Net neutrality supporters are going on the offensive over the new Republican chairman of the Federal Communications Commission’s reported plan for dismantling open internet rules passed under the Obama administration.
Advocates say Chairman Ajit Pai’s plan to repeal the rules and instead ask internet service providers pledge to follow open internet standards places too much trust in large corporations like AT&T, Verizon, and Comcast.
“If these reports are true, Chairman Pai is preparing to give dominant cable and telecommunications companies what their D.C. lobbyists have dreamed of for years: voluntary net neutrality ‘rules’ where consumer protection is no more than ‘trust your cable or internet provider,’” Chris Lewis, vice president at the pro-net neutrality group Public Knowledge, said Friday.
According to sources attending a meeting between Pai and internet service providers (ISPs) last week, cited by Reuters, Pai could offer a plan to repeal the rules barring ISPs from blocking, throttling, or favoring web traffic for a fee (a practice known as paid prioritization) as early as April. In exchange, Pai reportedly wants providers to commit to upholding those standards in their service agreements with customers, which would subject ISPs to legal action if they did otherwise.
Under the plan, the Federal Trade Commission would oversee compliance, returning the authority the agency had to police ISPs before the FCC reclassified them as public utilities under Title II of the Communications Act. Reclassification from an information service under FTC jurisdiction to a common carrier service under FCC oversight was the portion of the FCC’s 2015 Open Internet order Pai disagreed with most.

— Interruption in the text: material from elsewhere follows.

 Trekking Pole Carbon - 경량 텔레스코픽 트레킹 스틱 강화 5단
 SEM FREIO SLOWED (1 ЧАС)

The report is consistent with statements Pai has made since taking over the agency in January.
“The end goal is to preserve the free and open internet that we had for two decades starting in the Clinton administration,” Pai said in February. “That’s a framework that’s served the American public very well and that’s a framework that I hope we’ll be able to return to on a bipartisan basis in the future.”
Soon after President Donald Trump’s election victory in November, Pai said the new Republican majority at the agency would “fire up the weed whacker and remove those rules that are holding back investment, innovation, and job creation.” Republicans and ISPs have leveled those criticisms against the rules, which potentially give the FCC the power to regulate the price of service (though previous Chairman Tom Wheeler pledged to forbear from doing so).
Public Knowledge, whose former president and founder served as a top aide to Wheeler when the rules were passed, warned since day one of Pai’s chairmanship he would seek to undo the rules. This month’s congressional repeal of net neutrality-rooted privacy rules, which Pai stayed before taking effect, were a precursor.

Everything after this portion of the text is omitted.